───── Exercise material ─────

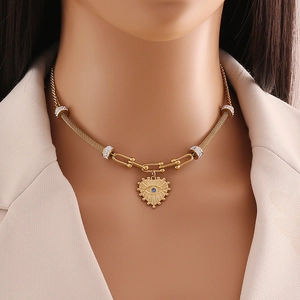 Detail of golden heart necklace with evil eye pendant on mesh chain with sparkling charms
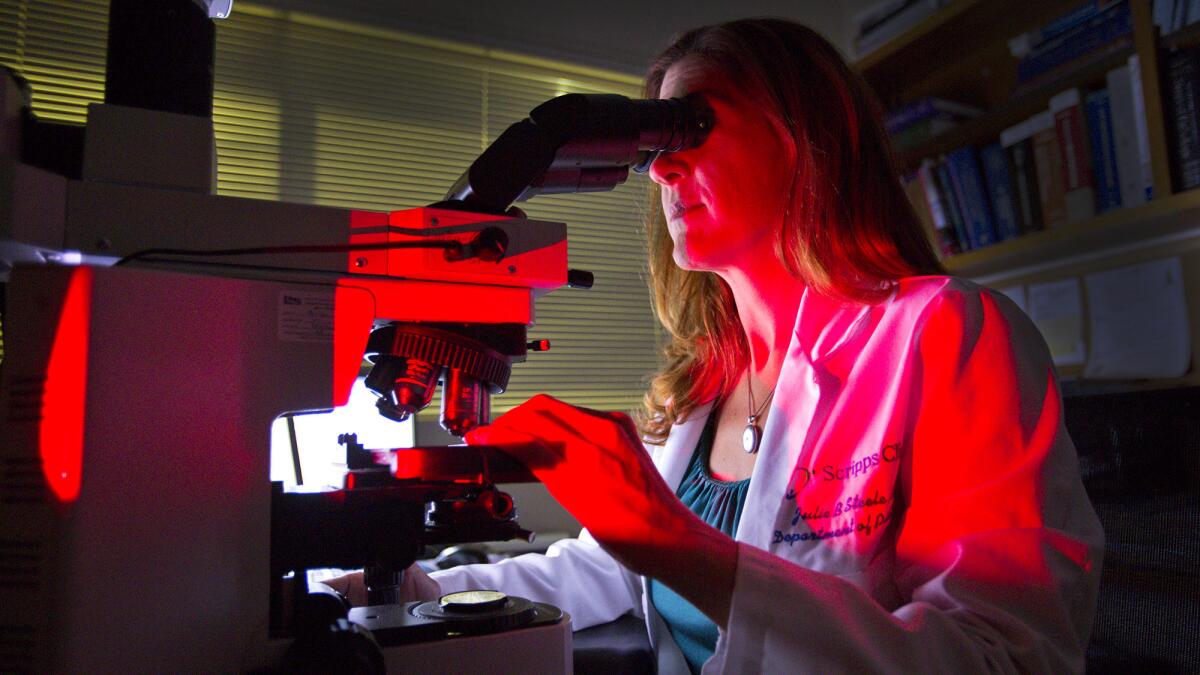 Dr. Julie Steele, division head of anatomic pathology at Scripps Clinic and Scripps Green Hospital in La Jolla, examines breast tissue for signs of cancer.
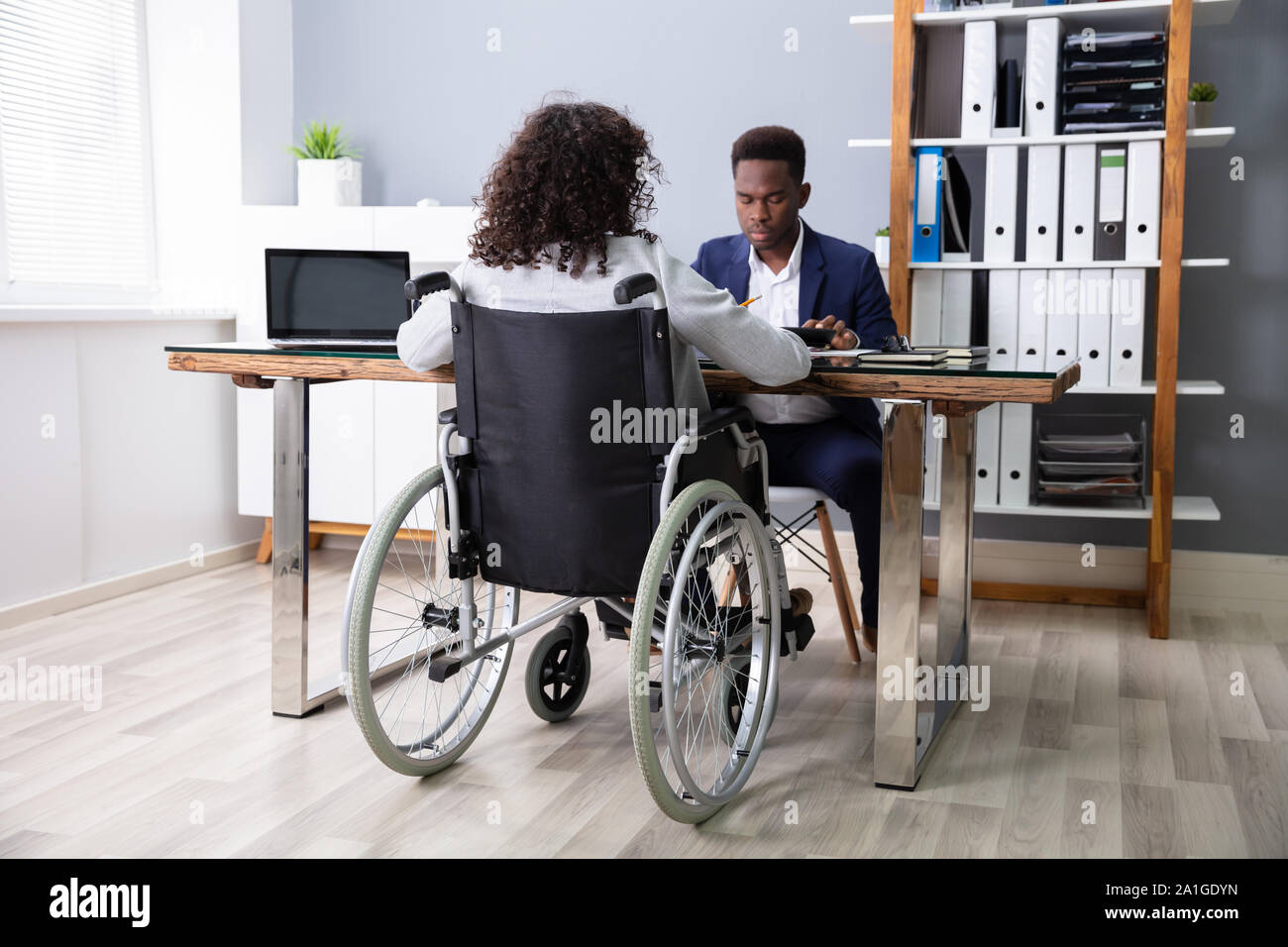 Businesswoman Sitting In Wheelchair Working In Office Stock Photo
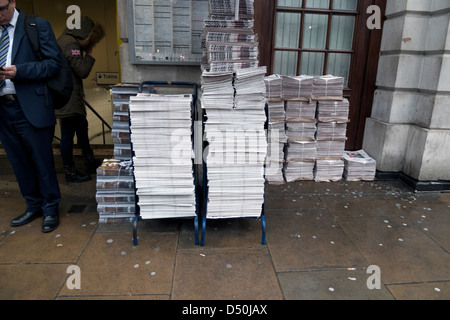 Gestapelte Zeitungen auf einem Zeitungskiosk außerhalb der U-Bahnstation und Geschäftsmann in Anzug lesen Papier Central London England UK KATHY DEWITT Stockfoto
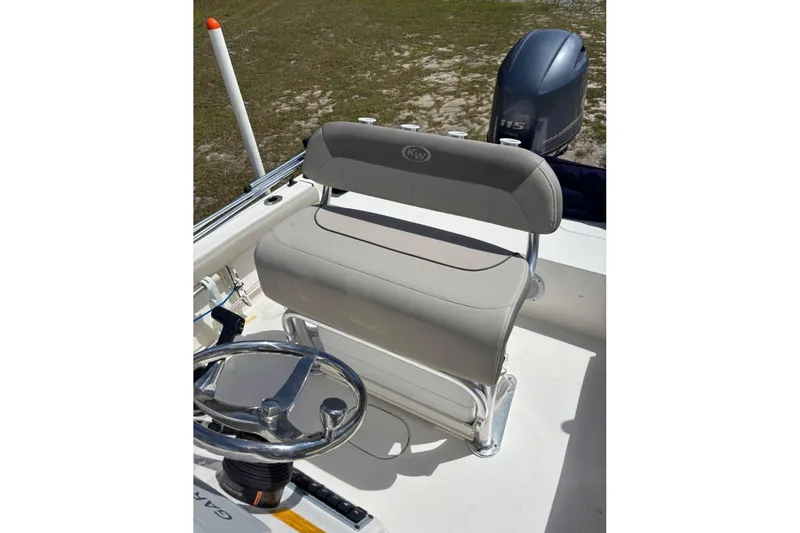 Slide: The Image of 2021 Key West 188 Bay Reef boat interior with steering wheel and seating. - 6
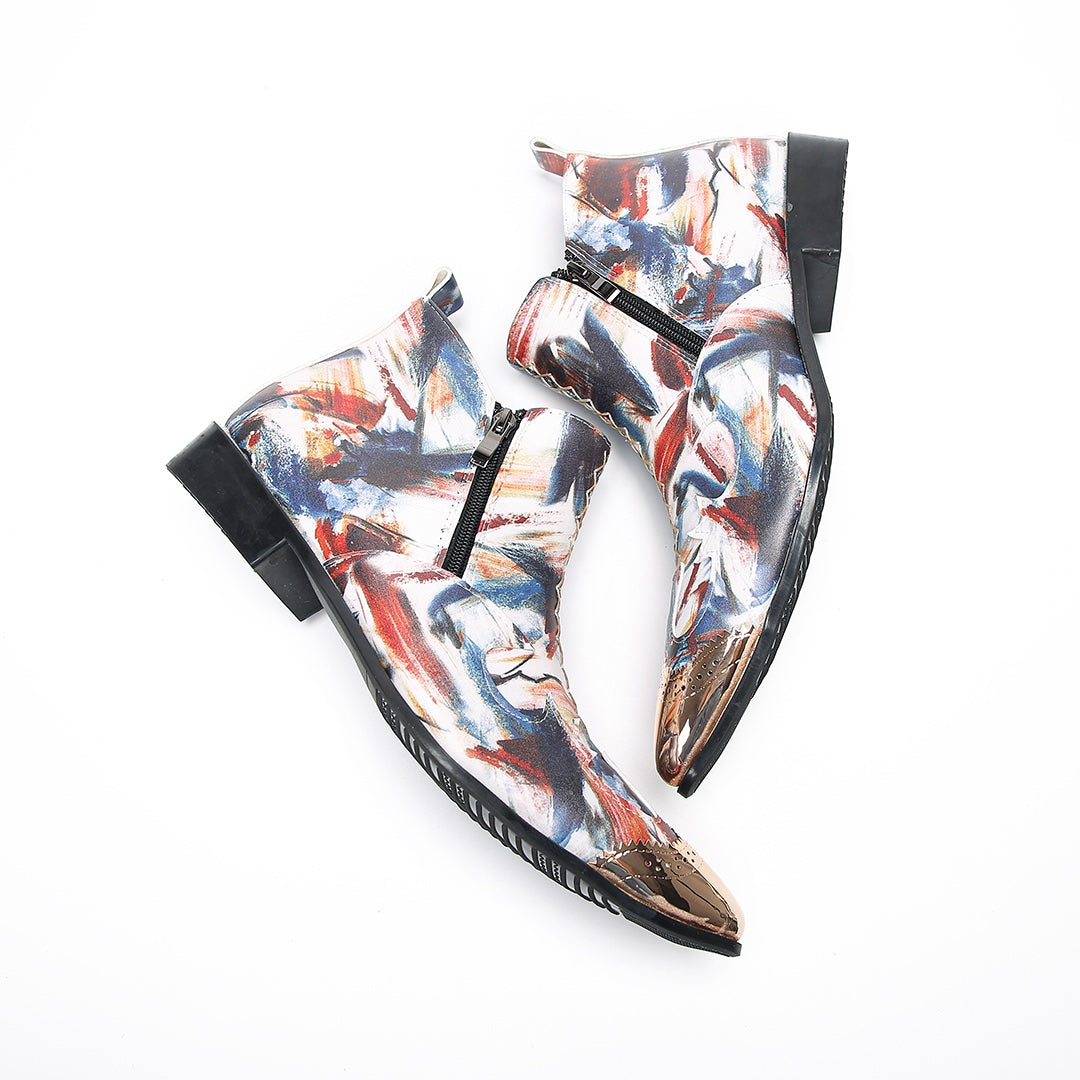 A pair of men's abstract print ankle boots with a gold metal cap toe and side zipper, shown against a white background.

─────

Your assignment ▸ Reproduce nothing but the lines that run from the line containing "Businesswoman Sitting In" through the last line of the records, inclusive. Omit the pictures.

Result ▸
 Businesswoman Sitting In Wheelchair Working In Office Stock Photo
 Gestapelte Zeitungen auf einem Zeitungskiosk außerhalb der U-Bahnstation und Geschäftsmann in Anzug lesen Papier Central London England UK KATHY DEWITT Stockfoto
 Slide: The Image of 2021 Key West 188 Bay Reef boat interior with steering wheel and seating. - 6
 A pair of men's abstract print ankle boots with a gold metal cap toe and side zipper, shown against a white background.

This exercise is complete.